Rosenberg says partners in CPA firms, especially as they reach
their 50s, need to make a choice between developing the younger
people in the firm in the hope that they will buy them out, or
deciding to wait until they are ready to retire before approaching
a larger firm that they hope will merge them in. More partners seem
to be opting for the merger option.

“It’s not easy to be a partner of a CPA firm, and because there’s
been such a talent drain in the US, most small- and medium-sized
firms have just not been able to recruit and develop and retain
staff and bring them along to the point that they could be a
partner,” Rosenberg says. “CPA firms have never been strong at this
by the way… I’ve never seen any statistics on this, but if I had a
guess, I’d say that probably at least 75 percent of all CPA firms
never make it past the first generation. They’ve always been bad at
that, they’re very busy people and they have some very highly
specialised skills.”

Koltin suggests there are also significant financial gains for
partners who merge up-market. He says the majority of the firms he
has worked with which have merged up-market have seen their
individual partner compensation increase dramatically. “I would
guess that for every three firms, all three of them for the most
part have seen their compensation increase, probably one of those
three has seen their compensation increase by 50 percent, probably
[another] one of those three has seen their compensation increase
by 100 percent,” he says.

Jim Metzler is the American Institute of Certified Public
Accountants’ (AICPA) vice-president for small firm interests. He
provides some statistics on what he calls the greying of the
profession. “In 1993, 53 percent of [AICPA] members were aged over
40. In 2004, 68 percent were over 40, so I would guess that in 2007
it is probably pushing 70 percent over 40. So we have just a tonne
of firms out there where those owners, those partners who all came
into the business at the same time, are looking around the
partnership table and looking at what they’re going to do for
retirement and saying ‘holy smokes’, all of us are going to have to
leave at the same time, or none of us can leave, and so we have a
huge initiative on succession,” he says.

Changing work ethic

One reason that has been regularly cited for the lack of suitable
successors for retiring partners is a change in work ethic. Many
young accountants are not willing to work the long hours their
predecessors clocked up, preferring instead to maintain a family
and leisure-friendly work/life balance.

Metzler explains: “Those baby boomer partners… say the next
generation is not ready – they don’t quite have the work ethic,
they don’t have the leadership skills, they don’t have the
entrepreneurial skills. [On the other hand] if you go to the next
generation in those same firms, which those ageing partners are
talking about, the younger practice leaders will say, ‘are you
kidding me? I don’t want to be like those guys, I don’t want to
work night and day, I don’t want to fund a buyout and live in
poverty until I buy out the old partners’. They don’t follow that
carrot that many of us followed many years ago, rightfully so. You
know families are different, the drivers are different.”

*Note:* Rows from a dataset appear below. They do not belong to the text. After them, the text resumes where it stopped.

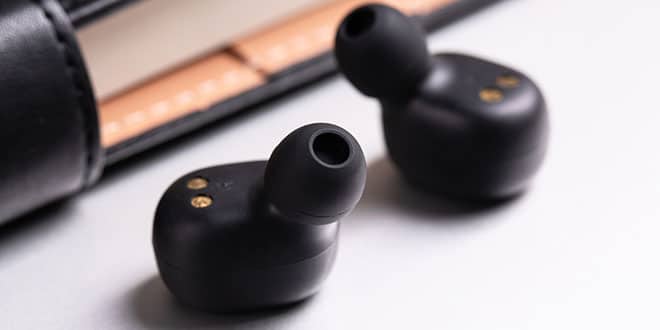 Two black earphones sitting next to each other.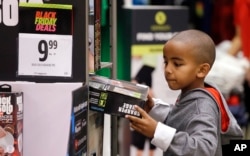 A boy looks over a Black Friday sale item at a J.C. Penney store, Nov. 24, 2017, in Seattle.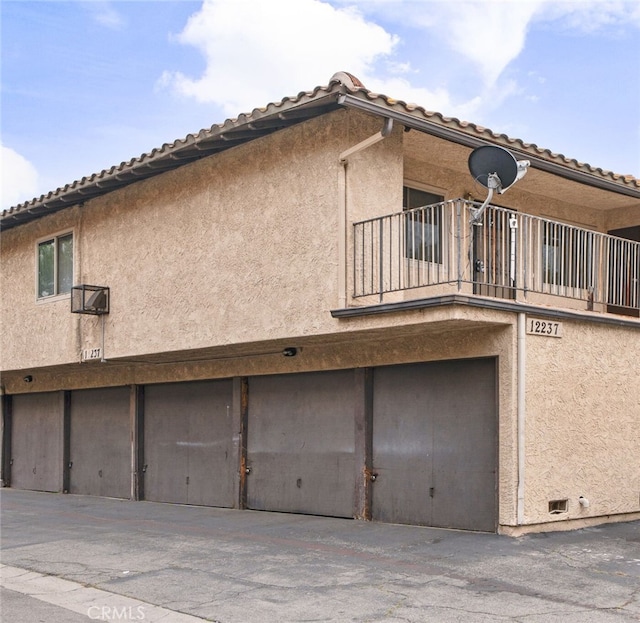 exterior space with an attached garage, stucco siding, and a balcony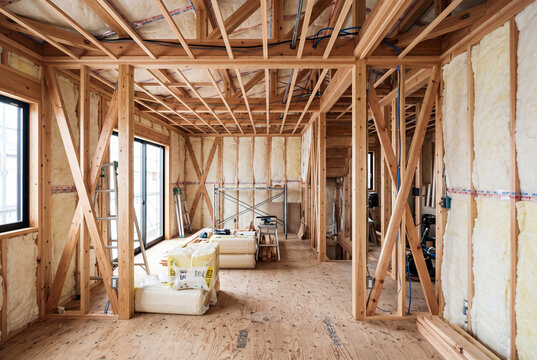木造軸組と断熱材が見える新築一戸建て住宅の内装工事現場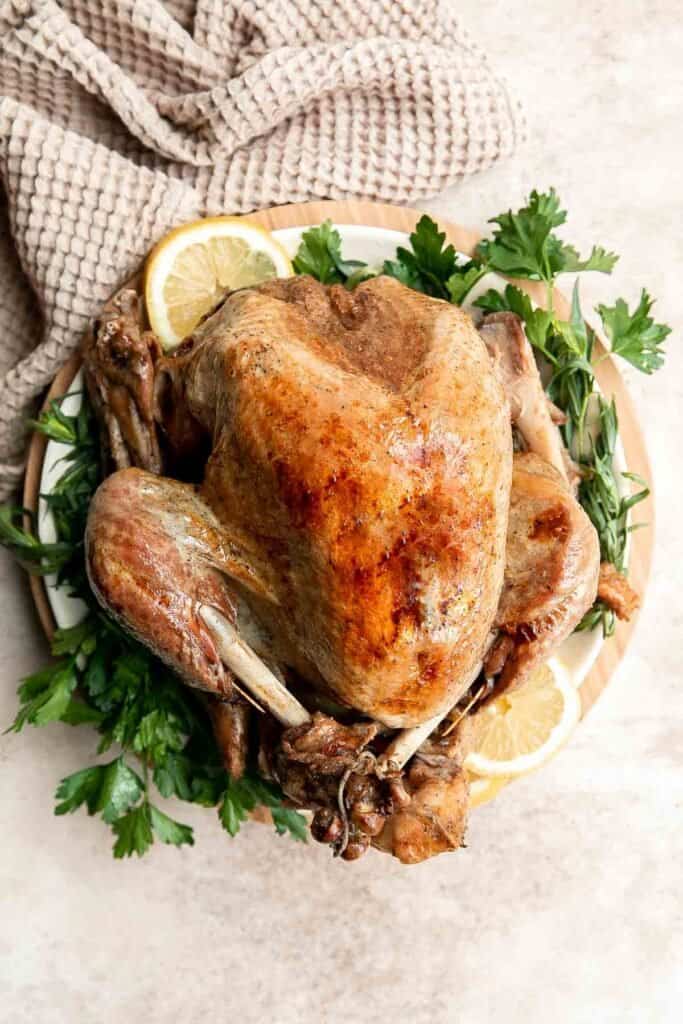 Instant pot whole turkey is a tender, juicy, and delicious holiday main. Ready in under 2 hours, it's the fastest and easiest way to cook a whole turkey! | aheadofthyme.com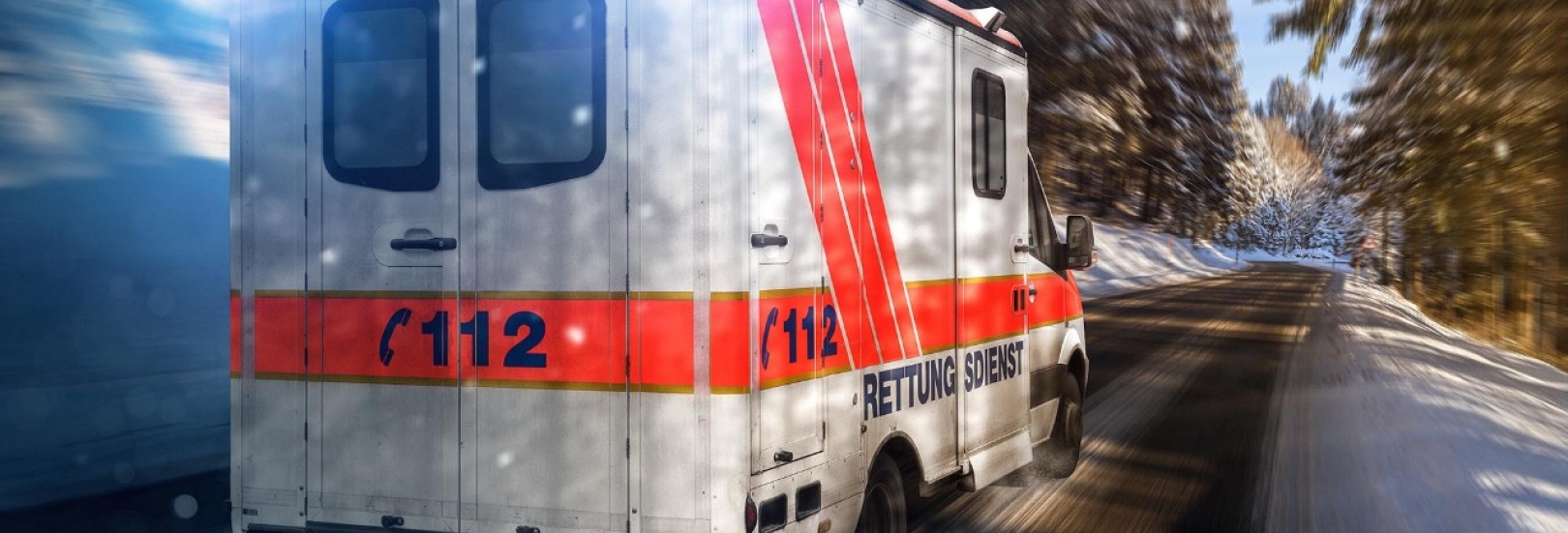 Ein Krankenwagen fährt schnell mit Blaulicht auf einer leicht mit Schnee bedeckten Straße.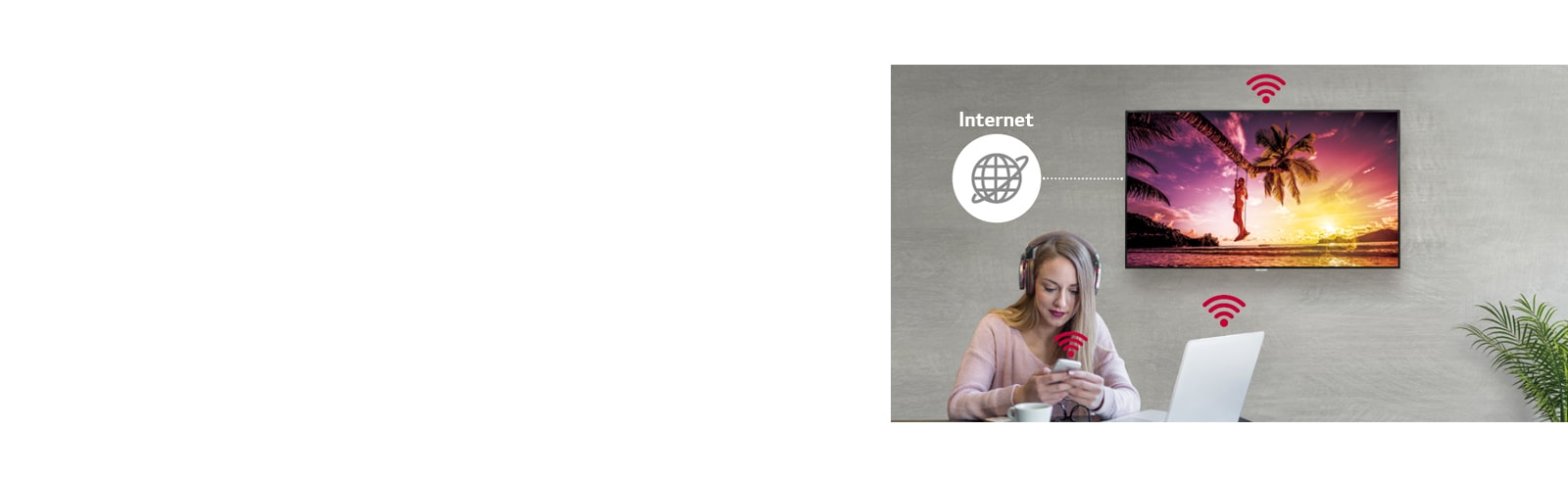 The UM3DG-H series is on the wall and a woman using a personal PC and mobile phone. And this image shows that the signage can be connected wirelessly to the PC and mobile phone she is holding.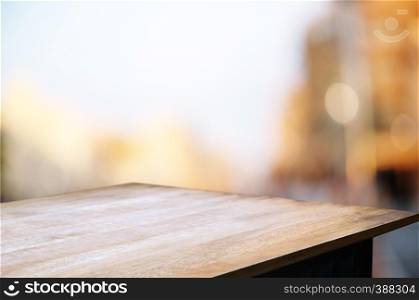 empty wood table top over blur in restaurant cafe background.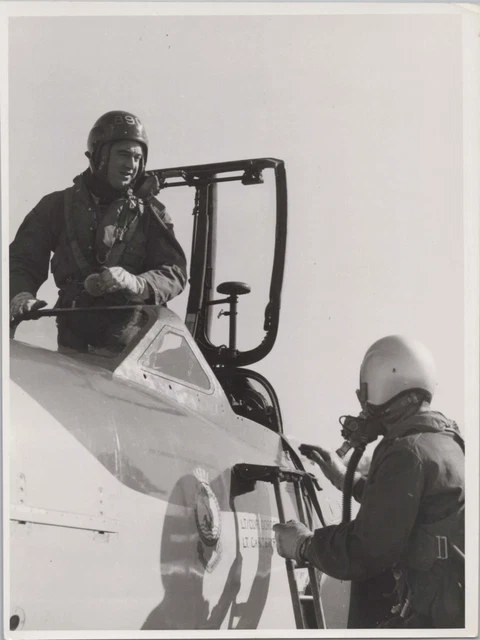 Black-and-white view of two crew members at a Sea Venom cockpit.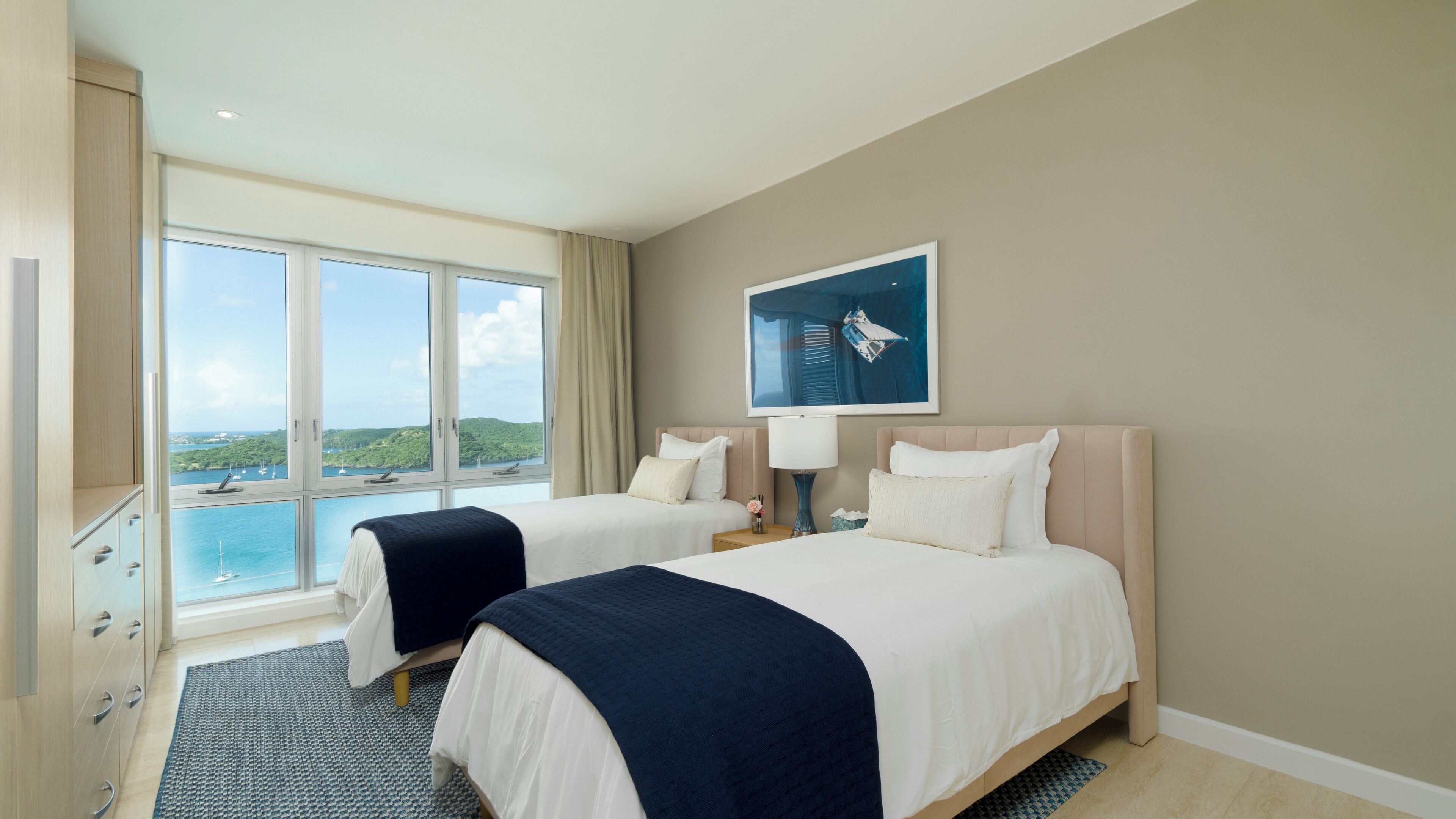 A hotel room with two beds, a large window with a view of the sea, and a painting on the wall.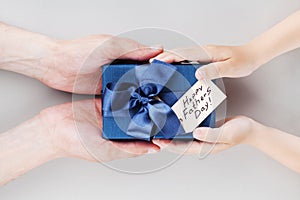 Son gives daddy present or gift box with tag on Happy fathers day. Holiday concept top view.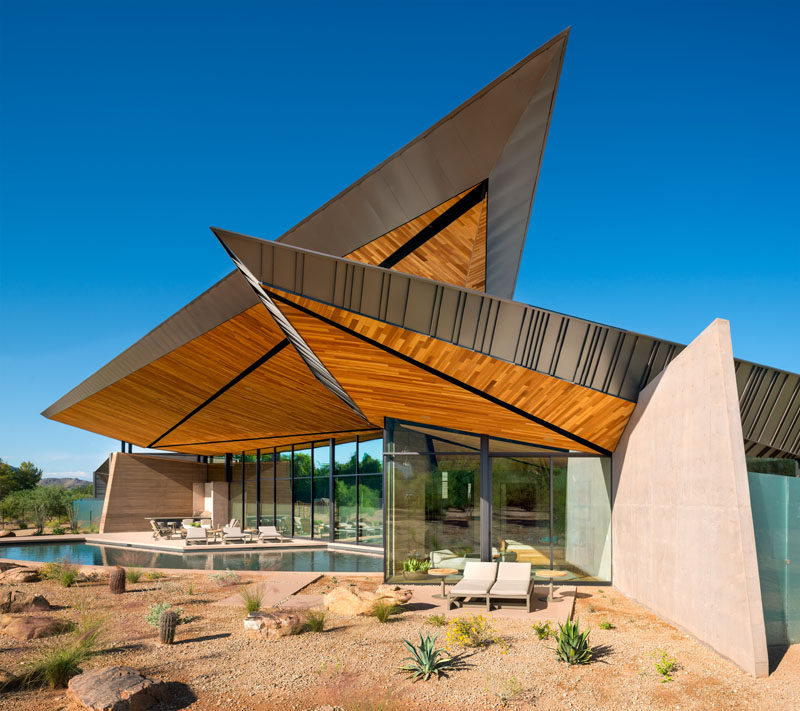 Kendle Design Collaborative were inspired by desert forms, indigenous materials, natural light, and mountain views, when they designed this house in Paradise Valley, Arizona. #ModernHouse #ModernArchitecture #Sculptural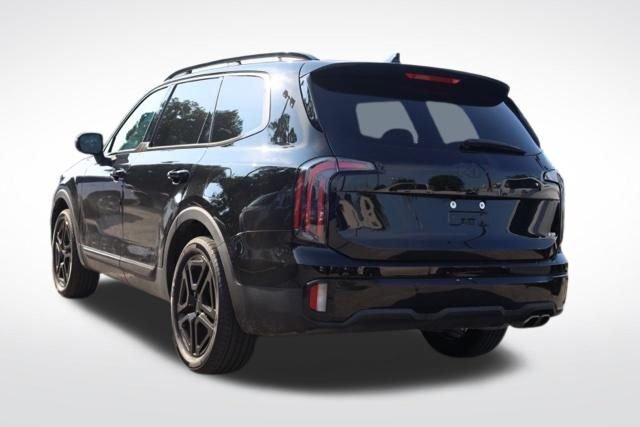 Used 2025 Ebony Black Kia EX X-Line image 9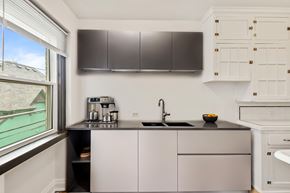 Denver apartment for rent - A kitchen with a black countertop and white cabinets.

Rosenberg says another main reason for the lack of successors is
that between 1995 and 2000 there was a one-third drop in the number
of students achieving a degree in accounting. “That’s anywhere from
12 years ago now. The seven-year people would probably be the solid
manager core now, the step just below partner, but the 12-year
people, they’d be in their mid-30s right now and would be prime
candidates for partner,” Rosenberg says.

Koltin suggests that even though the graduation rate for
accountancy students is on the rise, it is not necessarily a
solution. “The problem isn’t just the graduation rate, it’s making
sure that those kids, if you will, stay in public accounting and
right now the pendulum is swinging in a way that a lot of private
companies are offering these kids chief financial officer
positions. As long as they can make comparable money in private
industry to what they can get in public accounting, and not have to
work the crazy hours, they’re going to continue to leave public
accounting and go to private industry,” he says.

Sarbanes-Oxley impact

Rosenberg points to the Sarbanes-Oxley Act as another reason for
the talent drain. “Sarbanes-Oxley work is absolutely the pits,”
Rosenberg says. “There’s long hours year-round, not just in the tax
season, there’s some travel involved in it and the work is as
boring as it can get. These young kids who are joining these large
firms are getting burnt out, they’re quitting. What normally
happens when many young people join a large firm, they work there
for a few years, get some good education, good experience, but
then… they’ll go to a smaller local firm, that’s the normal
migration. And that’s not happening, they’re just leaving the
profession altogether, so we’ve just had a tremendous drain of
people.”

The talent drain not only creates an incentive for partners of
smaller firms to merge upstream to secure their retirement funds;
it also provides incentive for larger firms to look for smaller
merger partners to boost their ranks.

Koltin relates a recent encounter in which a managing partner of a
top 50 accounting firm told him, somewhat sarcastically, that the
perfect merger for his firm would be a firm with 50 staff and no
clients. “The whole paradigm shift that’s going on in the last
decade is it used to be you merge or acquire a practice, grab their
client base, and then maybe get rid of the people. Today it’s all
about getting the talent, and the clients are a distant second,”
Koltin says.

Buying people as well as clients

Rosenberg says the bigger firms have a “tremendous appetite” to
merge the smaller firms in. “By merging a firm in, that’s a way of
buying people as well as buying the client base,” he says.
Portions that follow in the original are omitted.